Advancements in next-generation sequencing (NGS) continue to decrease sequencing costs by increasing data generated per run. This reduction in sequencing cost enables population-level genomic experiments to help study and diagnose genetic disorders. Despite sequencer advancements, efficient NGS library preparation is hindered by the cost and effort needed to process individual samples. Libraries need to be quantified and pooled to equitably distribute sequencing reads, which becomes prohibitively tedious, costly, and time-consuming as sample numbers increase. We present a streamlined NGS library preparation technology that eliminates the need for sample-by-sample handling normalization, and pools samples early in the process, resulting in great simplification in workflow and up to a 48x increase in post-ligation sample processing throughput without compromising data quality.
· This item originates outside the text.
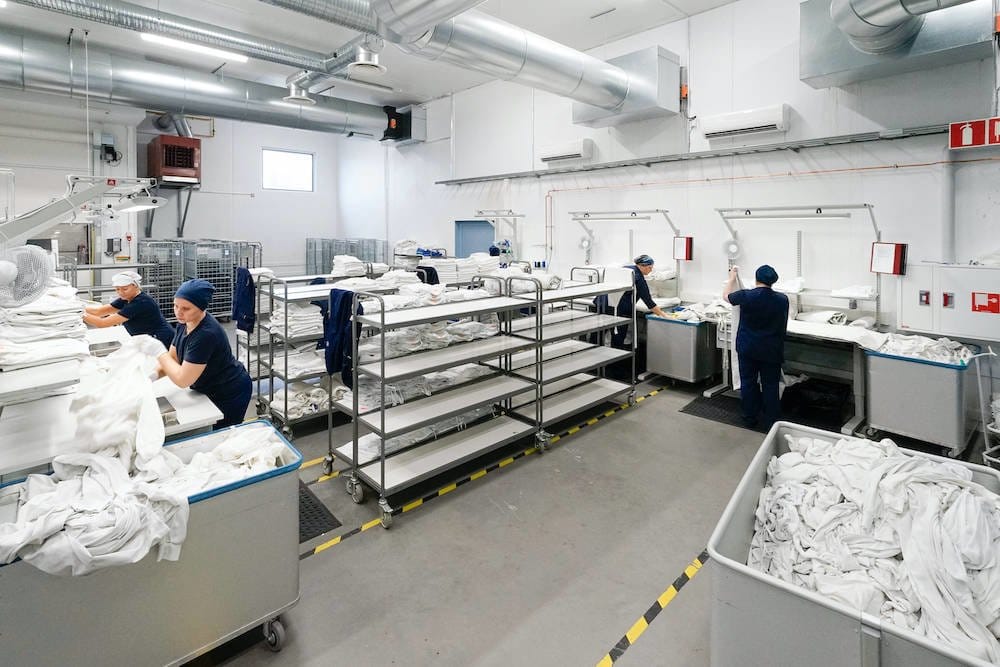 Waschen von Firmenkleidung in einer Industriewäscherei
This high-throughput workflow is built upon enzymatic fragmentation of samples that are converted to sequenceable libraries using novel normalization adapters with inline barcodes. Library normalization occurs from adapters during the ligation step, achieving library conversion independent from DNA input mass (20-200 ng, CV < 20%) on-par with qPCR-based pooling. Up to 48 inline barcodes are included on the adapters which uniformly ligate to samples for simple demultiplexing. The design of the inline barcodes allows for flexible pooling where up to 48 samples can be pooled in a modular manner. With normalization adapters and inline barcodes, pooling is performed immediately after adapter ligation, significantly reducing the number of clean-up and PCR reactions. This format can also support up to tens of thousands of libraries in a single sequencing run using dual unique index sequencing primers post-ligation. Finally,
multiplexed PCR amplification artifacts can be reduced using this workflow. Library conversion is consistent and well-suited for both low-pass whole genome sequencing (WGS) and targeted sequencing for variant calling (>20x coverage).

This new library preparation process applies a novel technology to reduce hands-on time and increase efficiency. A process that once treated each sample individually can now be pooled while ensuring equal conversion independent of DNA mass input. This workflow significantly advances the experimental process of library preparation to complement throughput advancements made in sequencing instrumentation.